Alistair Gordon, Master Coach in the Australian Institute of Directors Directing Growth program designed for directors of mid-sized businesses, offer a completely free, 30 minute test for you to ascertain whether or not your business is ready for sale.

Imagine the scene (this shouldn’t be too difficult!). A much larger business has approached you and offered to buy your business – finally, a dream come true. The golf course and that well deserved international trip beckons. At the newsagent last weekend you quietly bought a copy of Trade-a-Boat and spent a very happy hour trawling through its pages.

Negotiations have been going well. The price was settled after a bit of too and fro, the sales agreement seems to be mostly agreed after two hectic weeks, the purchasers seem relaxed and happy, and their auditors are due in to review the books early next week. Life is about to be very sweet indeed.

Except for one thing that is about to happen to you that - if this is your first trade sale – you did not forsee.

At the back of the sale agreement prepared by the purchasers lawyers is a Schedule headed “Warranties”. There is nothing on this page in the first, or even the twentieth draft.  But it will shortly become a page you will never forget.

Warranties are commitments and statements that the purchaser asks you to make as the seller of the business.

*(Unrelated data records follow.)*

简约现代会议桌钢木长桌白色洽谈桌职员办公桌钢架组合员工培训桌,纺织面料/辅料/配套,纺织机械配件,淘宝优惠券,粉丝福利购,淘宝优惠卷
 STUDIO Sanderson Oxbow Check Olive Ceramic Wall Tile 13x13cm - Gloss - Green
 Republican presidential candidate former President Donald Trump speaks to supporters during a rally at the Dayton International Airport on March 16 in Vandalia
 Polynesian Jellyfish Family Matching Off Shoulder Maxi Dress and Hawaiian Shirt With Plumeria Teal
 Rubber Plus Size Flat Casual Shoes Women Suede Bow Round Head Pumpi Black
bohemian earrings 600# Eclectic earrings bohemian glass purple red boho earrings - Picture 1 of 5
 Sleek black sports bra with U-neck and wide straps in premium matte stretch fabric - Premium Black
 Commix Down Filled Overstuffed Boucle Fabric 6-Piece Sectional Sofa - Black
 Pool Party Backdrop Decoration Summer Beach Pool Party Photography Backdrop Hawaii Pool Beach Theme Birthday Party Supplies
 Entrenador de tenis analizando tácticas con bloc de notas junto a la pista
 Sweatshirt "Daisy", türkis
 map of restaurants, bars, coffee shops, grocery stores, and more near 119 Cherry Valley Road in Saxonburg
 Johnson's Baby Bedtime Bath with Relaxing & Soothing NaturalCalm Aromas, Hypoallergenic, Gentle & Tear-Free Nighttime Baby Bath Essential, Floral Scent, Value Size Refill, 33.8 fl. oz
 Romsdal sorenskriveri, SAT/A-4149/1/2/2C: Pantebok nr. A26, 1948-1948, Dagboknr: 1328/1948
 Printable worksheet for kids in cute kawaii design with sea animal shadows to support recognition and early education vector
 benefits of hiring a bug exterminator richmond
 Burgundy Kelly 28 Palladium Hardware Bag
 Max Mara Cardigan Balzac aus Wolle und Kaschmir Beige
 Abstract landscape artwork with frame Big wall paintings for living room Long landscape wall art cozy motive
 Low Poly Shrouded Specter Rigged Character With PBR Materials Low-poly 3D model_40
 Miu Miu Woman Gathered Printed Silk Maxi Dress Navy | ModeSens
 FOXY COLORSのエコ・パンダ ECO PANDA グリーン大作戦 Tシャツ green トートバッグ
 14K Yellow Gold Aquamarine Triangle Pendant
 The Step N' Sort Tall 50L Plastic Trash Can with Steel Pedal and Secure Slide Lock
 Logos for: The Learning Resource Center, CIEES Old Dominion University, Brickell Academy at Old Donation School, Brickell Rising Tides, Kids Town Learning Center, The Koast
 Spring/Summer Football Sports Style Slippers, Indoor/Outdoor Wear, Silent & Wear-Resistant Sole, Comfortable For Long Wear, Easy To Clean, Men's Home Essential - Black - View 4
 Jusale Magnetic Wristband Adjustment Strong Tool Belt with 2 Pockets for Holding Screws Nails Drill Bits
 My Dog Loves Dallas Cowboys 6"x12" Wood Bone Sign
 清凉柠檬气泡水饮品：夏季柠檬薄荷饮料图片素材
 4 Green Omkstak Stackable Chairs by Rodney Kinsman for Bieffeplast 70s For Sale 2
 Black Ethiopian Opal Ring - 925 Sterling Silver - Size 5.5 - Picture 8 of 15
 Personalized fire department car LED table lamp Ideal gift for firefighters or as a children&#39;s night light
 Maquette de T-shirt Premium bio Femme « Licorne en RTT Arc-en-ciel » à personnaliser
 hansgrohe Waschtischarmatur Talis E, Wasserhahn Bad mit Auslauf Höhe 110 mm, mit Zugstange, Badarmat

They include items like:
•    You have no knowledge of any customers being dissatisfied with your products or services
•    You have no knowledge of any customers taking current or future legal action against the company;
•    You have no knowledge of any fault, currently existing or in the past, in any product and service delivered by the company that might lead to future legal claim;
•    You have no knowledge of any suppliers considering in the past, or in the future, withdrawing their supply arrangements;
•    You have no knowledge of any disputes that could harm the reputation of the company going forward;
•    You have no knowledge of any claims – existing or likely to occur in the future – against the company;

This is just a short selection of what the purchasers’ lawyers will throw at you in the last few days f the contract negotiation. Usually, the warranties (a computer generated catch-all document) runs to several pages.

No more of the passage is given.